Today’s Theme Music

I’m doing more streaming out of the Wayback Machine. This morning, we jump back to the year of my high school graduation, 1974.

Ah, exciting times. Vietnam. Nixon. Whip Inflation Now. Watergate. Cold War. ‘The Godfather’. ‘The Exorcist’. Eight track and cassette tapes. Princess phones, wall phones and extra-long telephone cords were in vogue.

Cable television viewership was rising. Microwaves were riding in on the first wave of availability. Companies were messing around with smaller computers but they were still focused on business. VCRs, DVDs, and Compact Discs were all in the future, as were Microsoft and Apple. There were still two Germanys. No European Union. Cell phones were just being used for the first calls but they were huge, expensive, heavy clunkers.

We were still recovering from the oil crisis of 1973. The national fifty-five miles per hour speed limit was upon us. The Phantom F-4 was our front line fighter, along with the F-111. The F-16 was still a prototype, and the F-14 was just entering service, with the F-15 coming along behind it. The Expos still played in Montreal, the Nationals didn’t play in Washington, and the Rockies and Marlins were still dreams.

From that stew, we have the Troggs with ‘Wild Thing’. I loved the song’s use in the film, ‘Major League’, in 1989. Charlie Sheen played Ricky ‘Wild Thing’ Vaughn, a Cleveland Indians pitcher. Of course, the Troggs hit was a cover of a song written, recorded and released in 1965 and the song in the movie was a cover by X.

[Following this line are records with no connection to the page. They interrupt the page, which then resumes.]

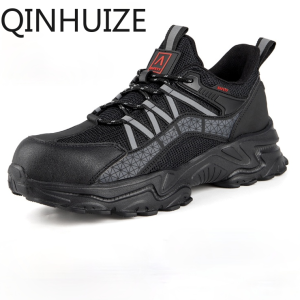 QINHUIZE New lightweight labor insurance shoes for men light impact steel toe anti-puncture resistant work boots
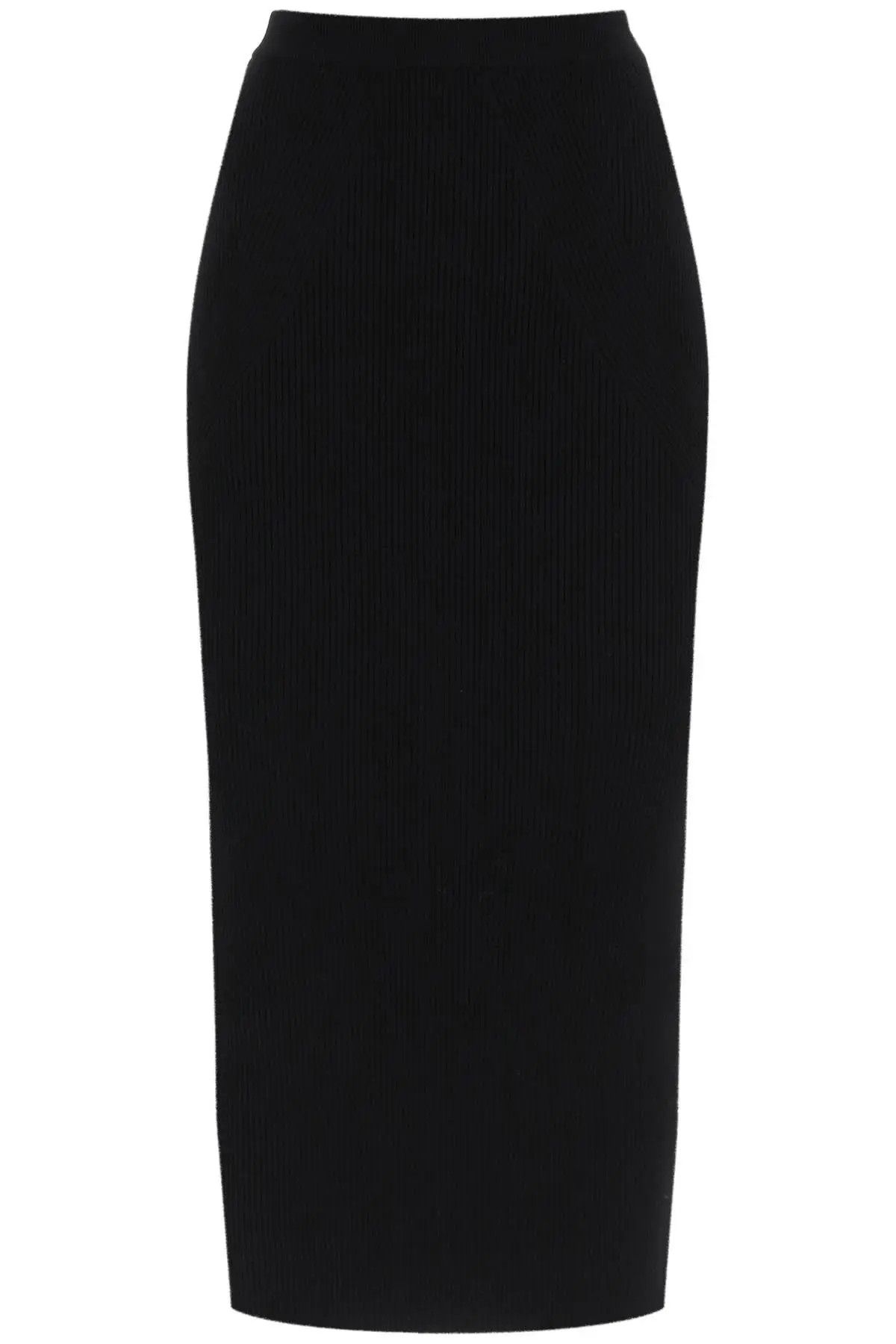 image of Alexander Mcqueen O1S22I1N1123 Ribbed-Knit Pencil Skirt In Black, Women's (Size 32)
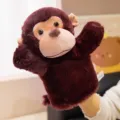 Plush monkey hand puppet jungle animal interactive glove toy for kids and family fun time. - Forest Animal Hand Puppet-Monkey-28cm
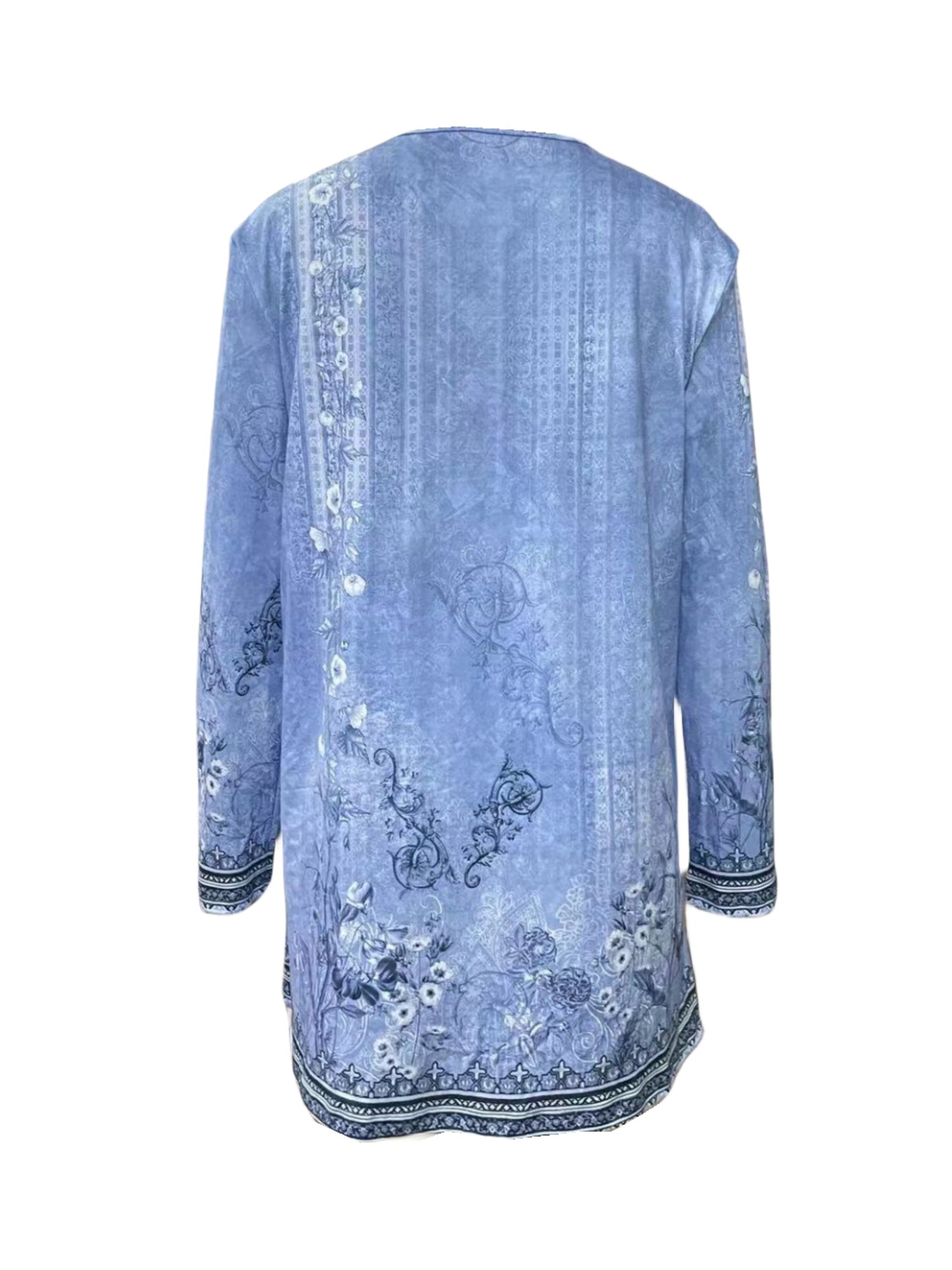 Floral Print Open Front Cardigan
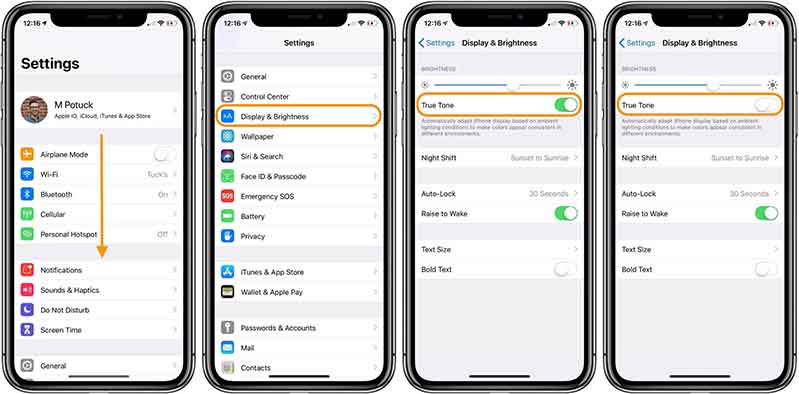 Bật tính năng True Tone Bật tính năng True Tone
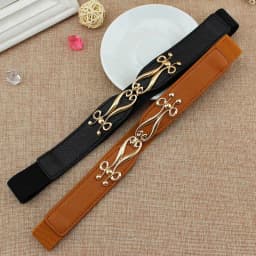 Fashion Elastic Waistband Elegant Cummerbund Women Dress Buckle Belt Strap Waist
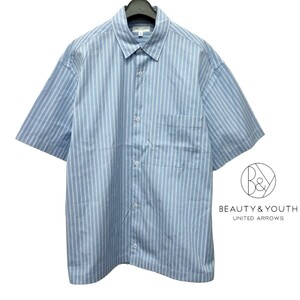 BEAUTY&YOUTH /UNITED ARROWS ビューティーアンドユース メンズ 半袖ボタンシャツ カッターシャツ 水色×白ストライプ 日本製 I-3784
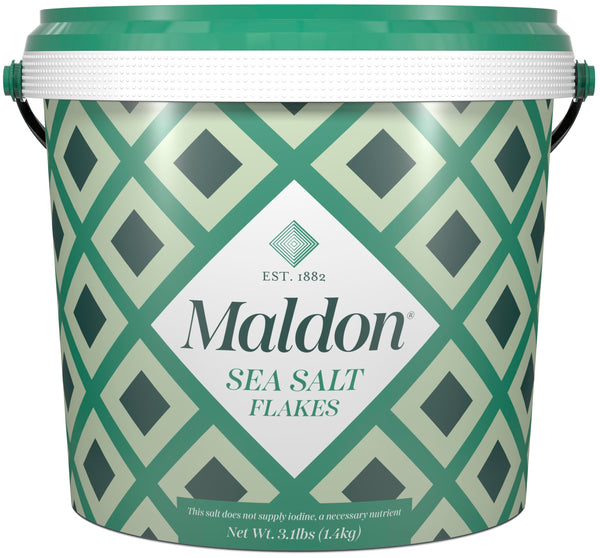 Maldon Salt, Sea Salt Flakes, 3.1 Lb, Bulk Tub, Kosher, Natural, Handcrafted, Gourmet, Pyramid Crystals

So, here we go, a 1965 song, 1974 hit, from a 1989 movie, in which it was covered by a punk band, enjoyed in 2017.

Isn’t technology grand?

 

Today’s Theme Music

Feel like something energetic today. Maybe it’s the sun. It’s actually visible when we get up, and there’s sunshine until almost seven thirty in the evening.

Hooray for sunshine.

It’s warmer, too. Got up to the low sixties yesterday. Winter is drawing out his departure but each day leaves us with less evidence that he was here.

All of this calls for something older, something with a little guitar action. From out of the streams of thinking came one from 1976, during my tour of duty in the Philippines.

Here is Thin Lizzy with ‘The Boys Are Back in Town’. 

Today’s Theme Music

The end of the last century went well for me. Retiring from the military, I was living in the Bay area and was able to catch fire a start-up. I worked with diligent, capable people. We had fun and the future was exciting. U.S. Surgical and then Tyco bought us, and everything changed. We made money but it was a lot less fun.

Into this came a group with an unusual sound called ‘Smash Mouth’. They eventually had a few more hits and became well known for providing the theme music to ‘The Big Bang Theory’ on CBS, and for songs in the ‘Shrek’ franchise. Back in 1997, though, we knew them for ‘Walking on the Sun,’ with its cynical reflections on the hippie revolution, pop culture, advertising, and our future state of affairs.

Today’s Theme Music

Today’s theme music is based on a song that came out in 2015. A deeply provocative and thoughtful song, it received a lot of air play and was said to profoundly affect millions of people around the world.

‘Uma Thurman’, by Fall Out Boys, states the secret dreams and desires many of us had when we watched John Travolta and Uma Thurman dancing in Q. Tarentino’s 1994 hit film, ‘Pulp Fiction’. 

 

It also features a riff out of ‘The Munsters’, altogether creating an unusually memorable turn in the song. When it came out on the radio, you’d be driving along, listening, and then suddenly hear that and think, “WTF?” The song ends up then addressing not only life in 2015 America, but part of our culture from 1994 and 1964.

‘The Munsters’, starring Fred Gwynn and Yvonne De Carlo as the father and mother of a family of monsters living at 1313 Mockingbird Lane, is classic 1960s American television. Here’s the theme music, in case you can’t place it.

Today’s Theme Music

Blasted through another night of dreams. I traveled the world, saw confusion and met it with more confusion. A little clarity came with reflection after I was awake for a while.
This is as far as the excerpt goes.